Readers of the blog who are familiar with CP Snow's Strangers and Brothers novel series will not need me to remind them of how excellent the books are. In my view the Lord Snow PhD KBE CBE (1905–1980 - pictured) evokes the trials and tribulations of academia almost perfectly. This ability perhaps stems from his long career as variously: an academic, scientist and administrator. He was we are told, "everyone's idea of a wizard scientist" his "owlish, spectacled face, heavy jowls, bald dome, and ponderous frame, often accoutered in a shapeless suit, and his inevitable cigarette in hand, were recognizable worldwide." The purpose of this blog entry is to recognise the Lord Snow's contribution to bankruptcy in his Strangers and Brothers novel series.


The series contains eleven novels. These range over British life and politics from just before the Great war  until the 1970s. The Masters, for example, contains a brilliant exposition of the machiavellian world of college politics and intrigue. The twists and turns discussed in the book could easily be seen in any University today. There is a Professor Gay in every College - "I congratulate you!" One of my colleagues thinks I am somewhat of an Arthur Brown type character. If only I had Brown's watercolour and wine collection! The Masters has in my view rightly been called, "the best academic novel in English."


The Light and the Dark is also marvelous. The book was reviewed in the following terms by Sir John Betjeman:  "A novel written with the intuition of a woman and the grasp of broad essentials generally reserved for men . . . As full of life as life itself." The theme is dark (i.e. suicide) but the work is a must read.

The Strangers and Brothers novel that will be of most interest to readers of the blog is the Lord Snow's 1940 novel, Time of Hope.  The book charts the early life of the narrator of the entire Strangers and Brothers series, namely, Mr Lewis Eliot. Lewis eventually becomes a barrister and then a Cambridge law don. Before he becomes a college fellow though he has a rather tumultuous start in life, in the main caused by his father's bankruptcy.

We are given the details of Lewis' father's bankruptcy in the early chapters in Time of Hope. Terms such as 'receiver' (page 24), 'petition' (e.g. pages 22, 24 and 26), and 'bankruptcy' (e.g. page 26) are frequently deployed. I have included here what Lewis' Aunt Milly thinks of bankruptcy and wider familial obligation:

"Your father has gone bankrupt...When you grow up...you ought to feel obliged to pay every penny he owes. You ought to make a resolution now. You oughn't to rest until you've got him discharged and you family can be honest and above board again. Your father will never be able to do it stop. He'll have his work cut out to earn your bread and butter." (at page 26).

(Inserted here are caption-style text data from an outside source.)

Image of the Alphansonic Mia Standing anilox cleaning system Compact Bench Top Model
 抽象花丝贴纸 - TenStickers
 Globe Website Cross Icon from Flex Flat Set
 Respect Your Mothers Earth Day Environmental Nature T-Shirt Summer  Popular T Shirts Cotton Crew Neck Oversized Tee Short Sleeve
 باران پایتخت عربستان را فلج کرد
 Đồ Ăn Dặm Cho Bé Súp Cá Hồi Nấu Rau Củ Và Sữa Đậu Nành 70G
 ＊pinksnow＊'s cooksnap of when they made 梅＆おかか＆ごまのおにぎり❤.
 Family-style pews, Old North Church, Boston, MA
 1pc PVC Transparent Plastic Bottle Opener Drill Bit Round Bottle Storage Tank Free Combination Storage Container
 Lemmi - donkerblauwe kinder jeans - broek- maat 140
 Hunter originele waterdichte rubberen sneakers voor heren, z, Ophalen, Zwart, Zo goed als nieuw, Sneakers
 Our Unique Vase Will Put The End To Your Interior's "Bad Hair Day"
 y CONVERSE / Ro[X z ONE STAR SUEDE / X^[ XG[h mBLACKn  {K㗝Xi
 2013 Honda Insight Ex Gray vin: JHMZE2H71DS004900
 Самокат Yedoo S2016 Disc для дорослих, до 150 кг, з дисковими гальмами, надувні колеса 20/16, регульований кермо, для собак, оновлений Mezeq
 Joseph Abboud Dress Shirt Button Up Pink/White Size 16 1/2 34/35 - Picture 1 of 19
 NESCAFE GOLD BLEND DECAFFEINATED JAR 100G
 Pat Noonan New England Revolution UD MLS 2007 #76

Aunt Milly (or the Lord Snow!) may or may not have been aware of the discharge provisions in the Bankruptcy Acts of 1883 and 1914. She does however expound a view of bankruptcy, and in particular credit obligation, which was perhaps common then (1914/1940) and is perhaps still now in some circles (2010)! 


Some commentators have opined that the Strangers and Brothers series is largely autobiographical and that a number of characters closely mirror the Lord Snow's own character and career. Lord Snow was, for example, elected a fellow of Christ's College Cambridge in 1930 following completion of his PhD dissertation, ‘The infra-red spectra of simple diatomic molecules.’ Lord Snow's father, like Lewis Eliot's, was a choir master and a clerk in a shoe factory. In a Time of Hope the insolvency arises because of over-indebtedness associated with a shoe factory. The facts are actually not unlike those in the famous Salomon v. Salomon [1987] AC 22, where Aron Salomon was a leather goods merchant who made, inter alia, boots for the British Army. One final point can be made on this autobiographical theme - the character of Roy Calvert has a well earned reputation amongst his fellows as being somewhat of a ladies man. On this theme the Lord Snow's ODNB biographer notes, "his [Lord Snow's] affairs with women became grist for his novels."


I do not currently know if, like his fellow author John Le-Carre, Lord Snow's father was a bankrupt. A copy of Time of Hope to anyone who finds the answer! 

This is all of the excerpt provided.